Oleh: Mashud Azikin
(Environmental Activist and Chairman of Manggala Tanpa Sekat)
Intens.id – Indonesia adalah rumah bagi lebih dari 1.300 kelompok etnis, ratusan bahasa daerah, dan aneka rupa adat istiadat yang terhampar dari Sabang hingga Merauke. Keberagaman ini sering disebut sebagai kekayaan, namun dalam kenyataannya, keberagaman juga bisa menjadi tantangan — terutama ketika narasi pemersatu tak lagi kuat bergema.

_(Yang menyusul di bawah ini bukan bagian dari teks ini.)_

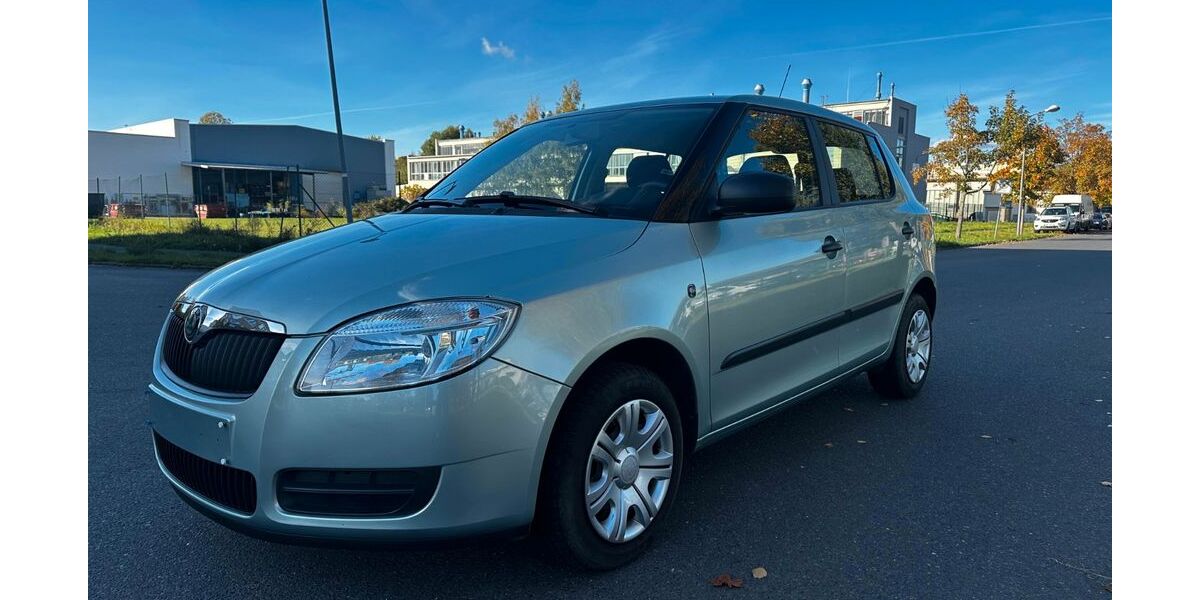 Skoda Fabia 72.300 km 2.900 &euro; Berlin 13405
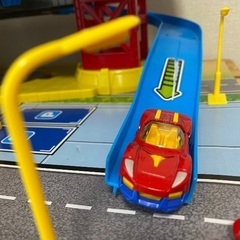 箱付！4かいだてパーキングガレージおもちゃの画像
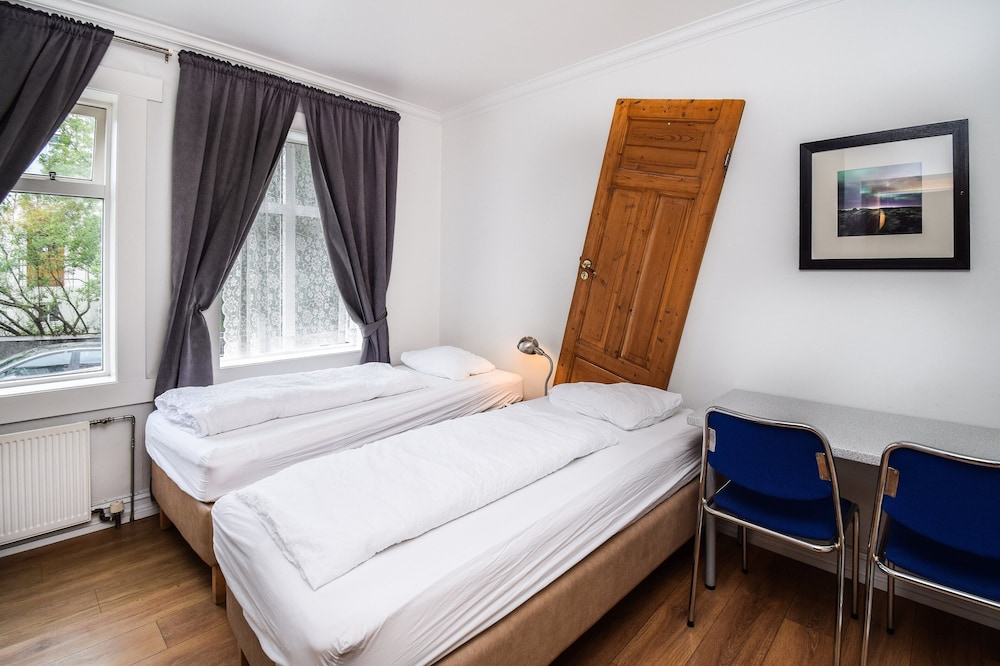 Guesthouse Aurora 26/65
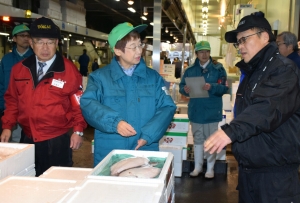 奥山仙台市長が歳末商戦入りの市場を視察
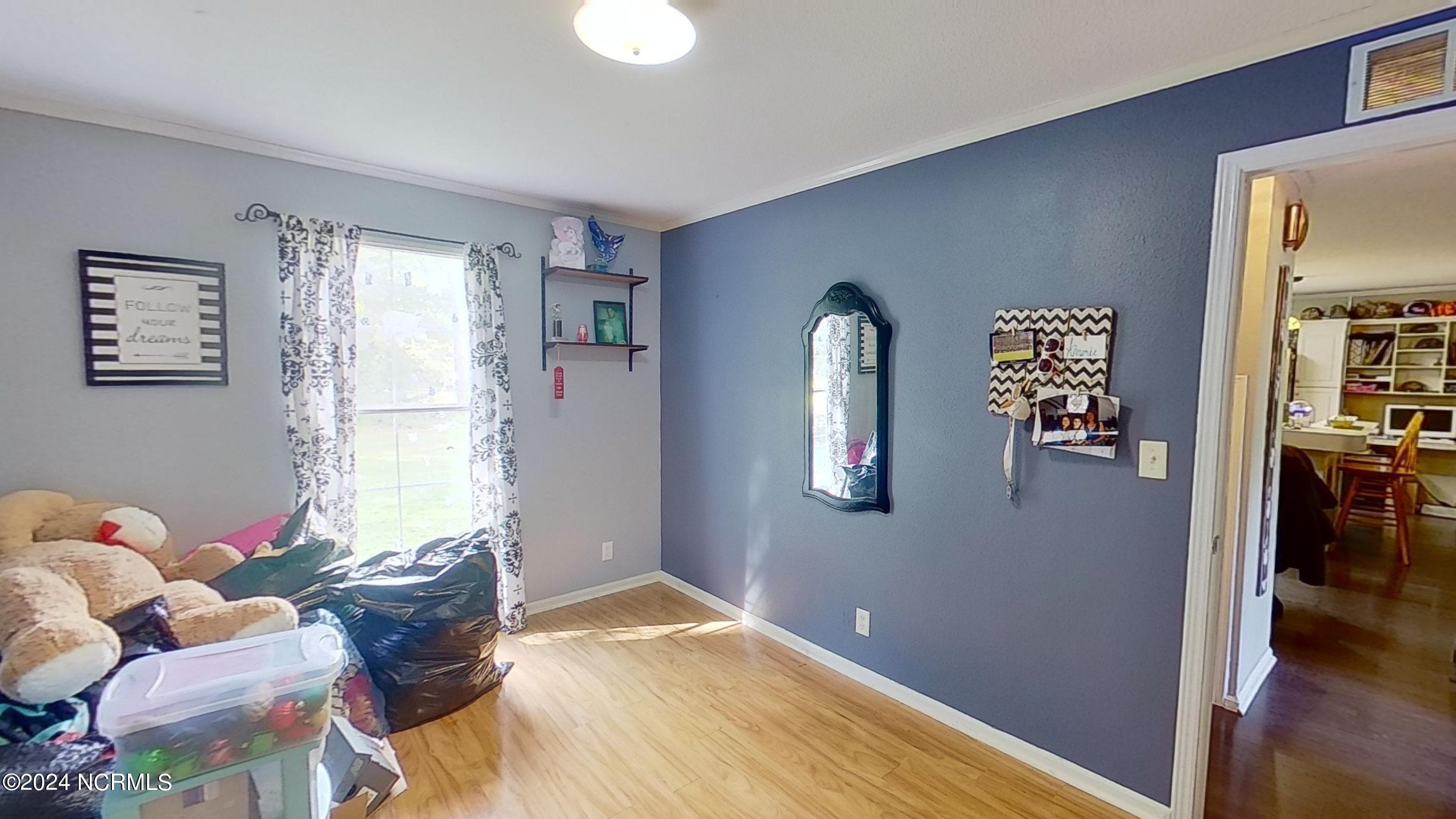 4829 Grinders Way NE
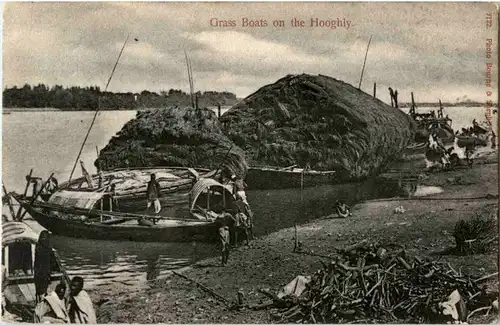 Grass Boats on the Hooghly - Indien -51146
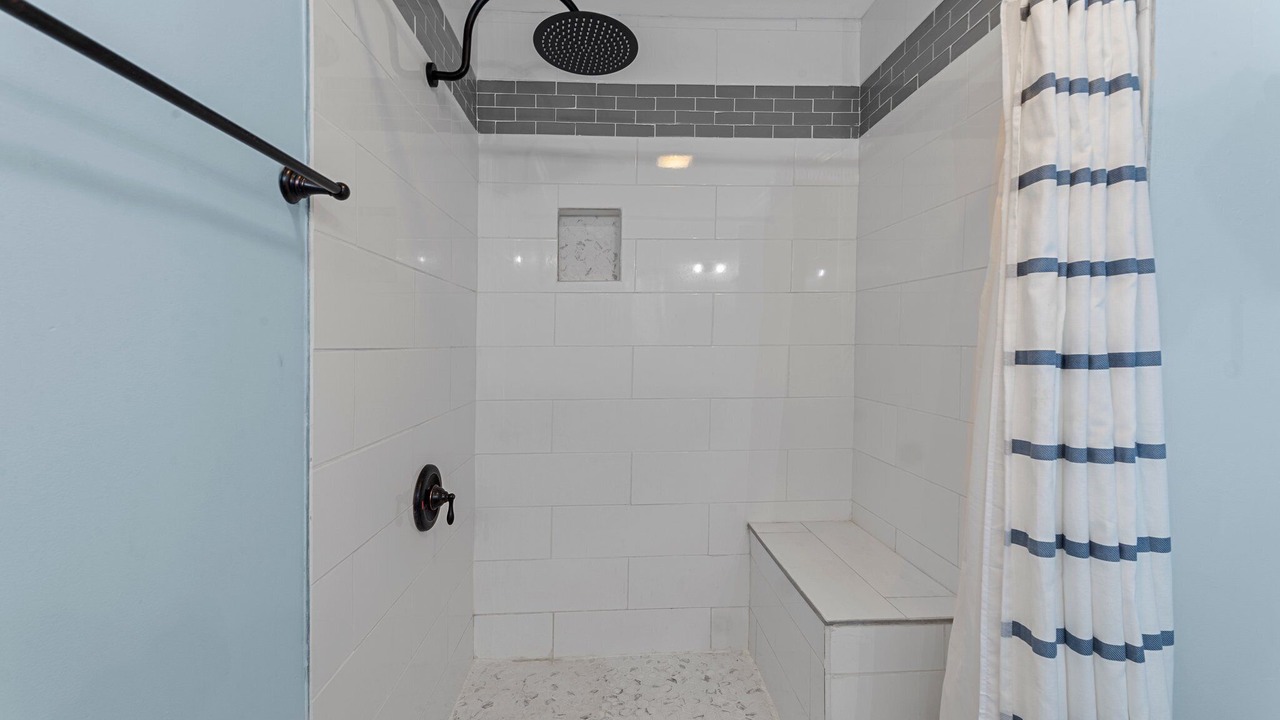 Photo of Bathroom in Oriental
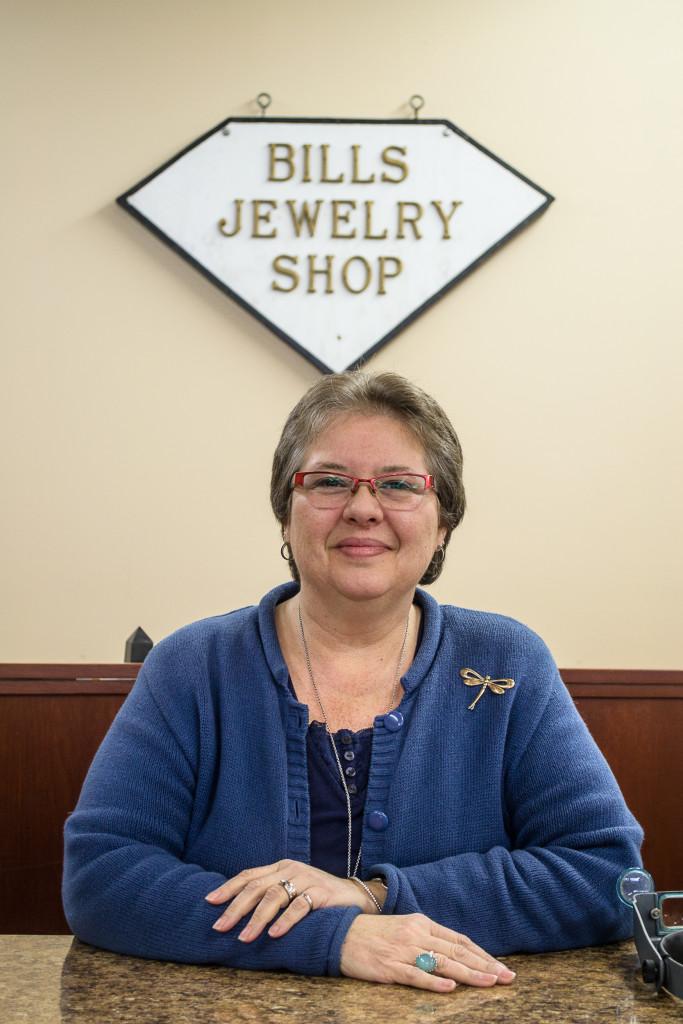 Deb+Shearer+welcomes+customers+to+Bill%E2%80%99s+Jewelry.+%0APhoto+by+Sydney+Hamamoto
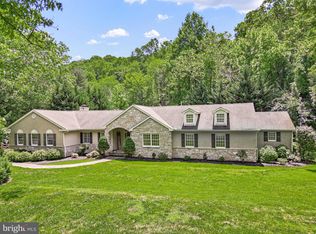 2 Meadows Ln, Wilmington, DE 19807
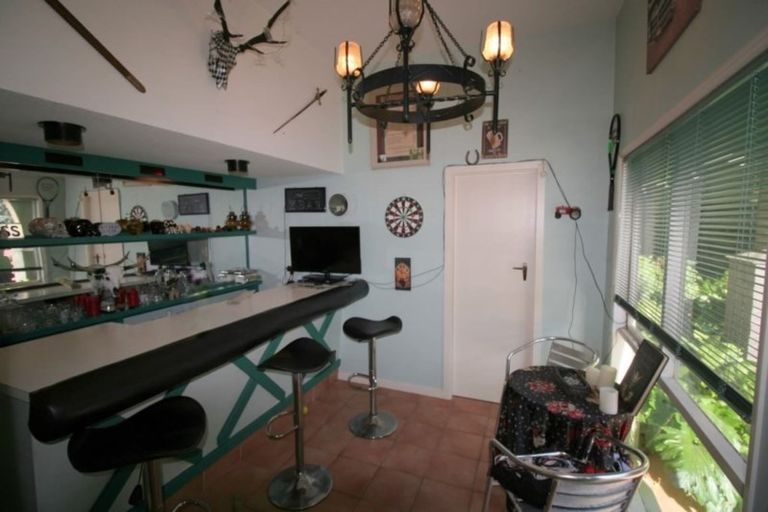 Photo of property in 50 Banks Avenue, Dallington, Christchurch, 8061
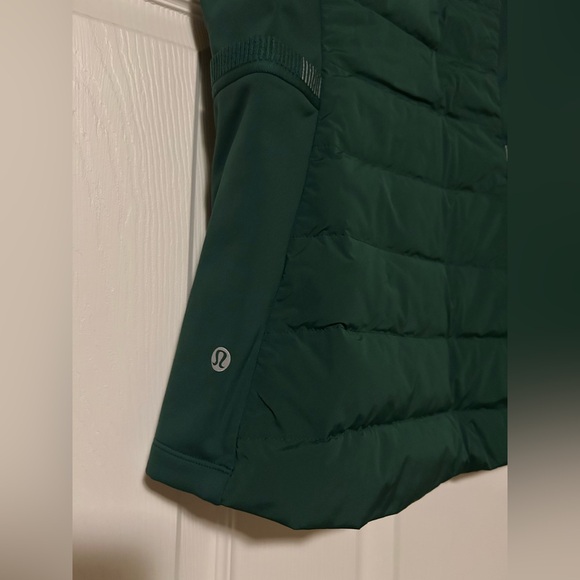 Lululemon Athletica Down for it all vest Size 6 - Picture 12 of 12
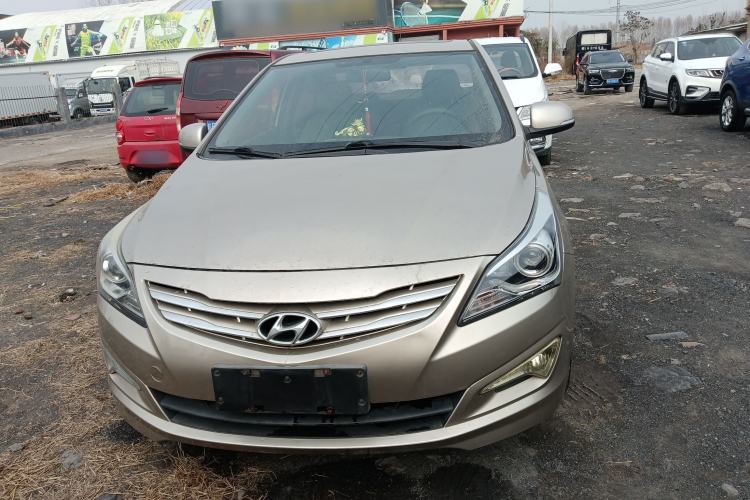 Used Hyundai Verna (older generation) 2014 1.4L Manual Top-Tier Model TOP Front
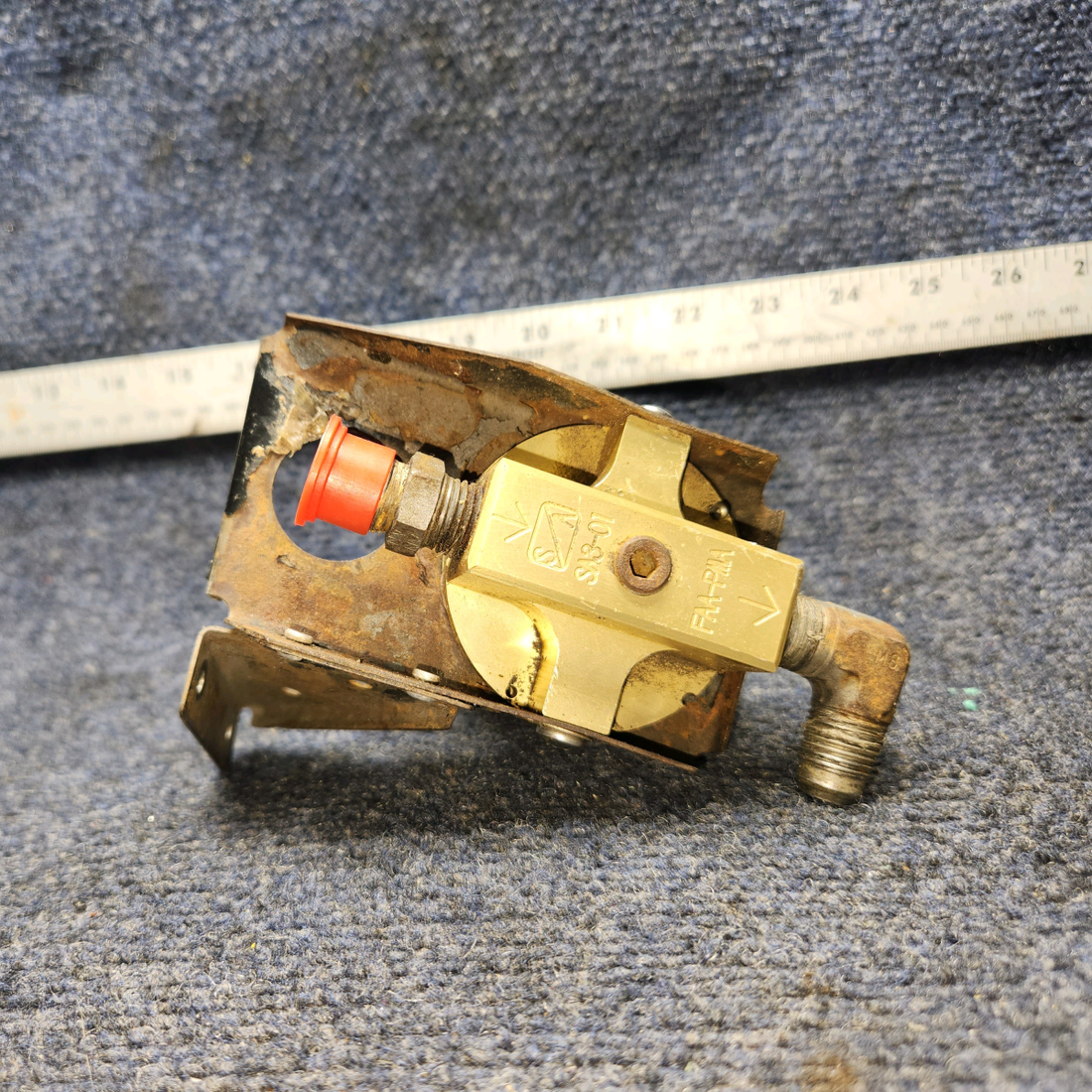 Used aircraft parts for sale, SA3-01 Steve's Aircraft PIPER PA28RT-201 Fuel Gascolactor Assy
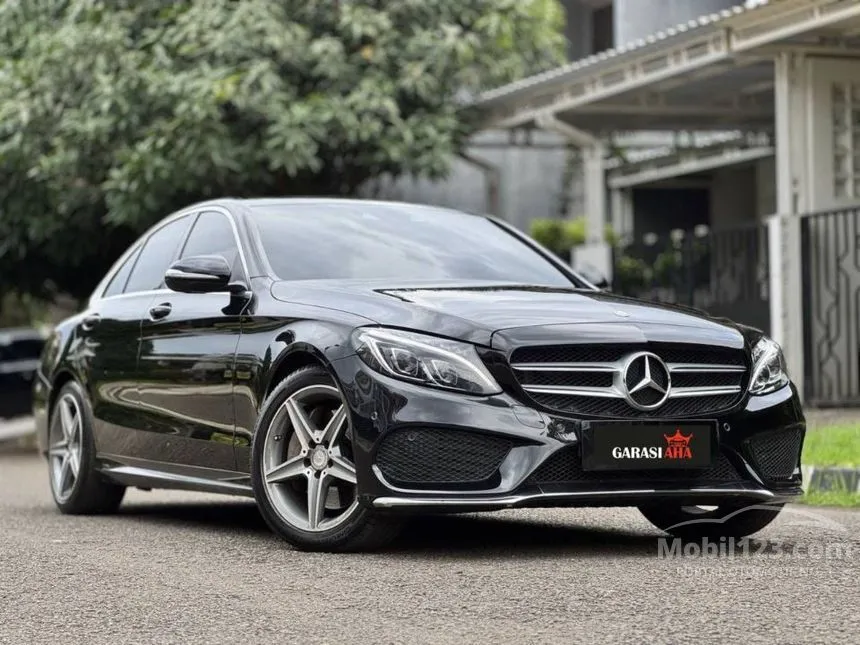 2015 Mercedes-Benz C250 AMG Sedan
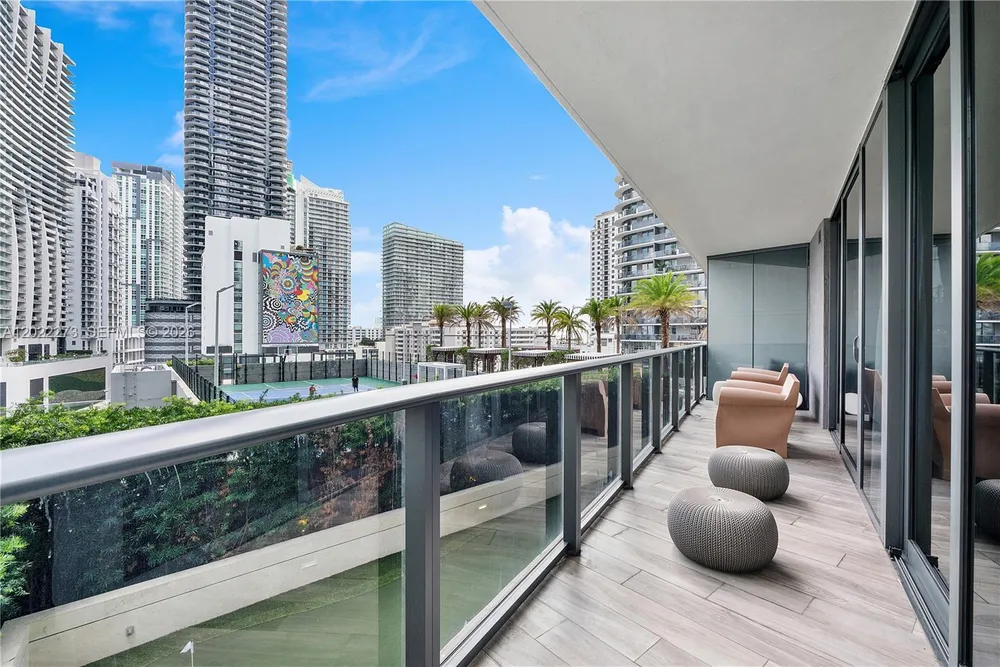801 S Miami Ave, Miami, FL 33130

Selama ini, kita mengenal semboyan “Bhinneka Tunggal Ika” — berbeda-beda tetapi tetap satu. Namun, apa makna semboyan itu dalam praktik sosial hari ini? Apakah ia cukup kuat menahan gempuran polarisasi, intoleransi, dan fragmentasi sosial yang semakin marak?
Sintesa Budaya: Bukan Sekadar Toleransi
Yang kita butuhkan saat ini bukan hanya toleransi. Toleransi cenderung pasif — membiarkan yang lain hidup berbeda tanpa ikut serta membangun jembatan. Yang kita perlukan adalah sintesa budaya: sebuah upaya aktif untuk mempertemukan nilai-nilai luhur dari berbagai budaya lokal menjadi kekuatan kolektif bangsa.
Sintesa budaya bukan berarti menyeragamkan, melainkan merangkai dan menyelaraskan. Ibarat sebuah orkestra, setiap budaya memainkan alat musiknya masing-masing, tapi semua berpadu dalam satu harmoni.
Misalnya, falsafah Bugis tentang Siri’ na Pacce (harga diri dan empati), semangat Gotong Royong Jawa, Moloopu dari Gorontalo, hingga Mapalus dari Minahasa — semuanya punya akar yang kuat dalam solidaritas sosial. Jika dikumpulkan dan dijahit dalam satu narasi kebangsaan, maka akan lahir wajah Indonesia yang lebih otentik dan berdaya.
Pendidikan dan Media Sebagai Mediator Sintesa
Sayangnya, pendidikan kita masih terlalu Jakarta-sentris. Kurikulum nasional belum cukup memberi ruang bagi budaya lokal untuk tampil sebagai sumber pengetahuan dan karakter. Padahal, budaya lokal bukan sekadar pelajaran muatan daerah, melainkan fondasi identitas bangsa.
Media massa pun sering kali lebih tertarik mengangkat budaya luar atau budaya populer yang dangkal, ketimbang menggali kedalaman kearifan lokal. Kita butuh lebih banyak dokumenter budaya, program televisi yang mengedukasi, dan konten digital yang menginspirasi anak muda mencintai akar budayanya.
Sintesa Budaya = Investasi Masa Depan Bangsa
Negara-negara maju seperti Jepang, Korea Selatan, dan India menjadikan budayanya sebagai kekuatan lunak (soft power) yang memperkuat ekonomi, diplomasi, hingga identitas nasional. Mereka tidak ragu menjual “kebanggaan lokal” ke dunia internasional.
Indonesia pun bisa — asal kita mulai dari dalam, dari niat untuk menyatukan mozaik budaya yang kita miliki. Sintesa budaya adalah jalan menuju bangsa yang tidak hanya besar karena jumlah penduduknya, tetapi kuat karena identitas dan jati dirinya.
Saatnya kita berhenti melihat perbedaan sebagai ancaman. Sudah waktunya kita bergerak dari toleransi menuju sintesa, dari hidup berdampingan menuju hidup saling menguatkan.
Karena hanya dengan sintesa budaya, Indonesia bisa benar-benar menjadi bangsa yang bersatu dalam keberagaman, bukan sekadar dalam semboyan, tapi dalam kenyataan.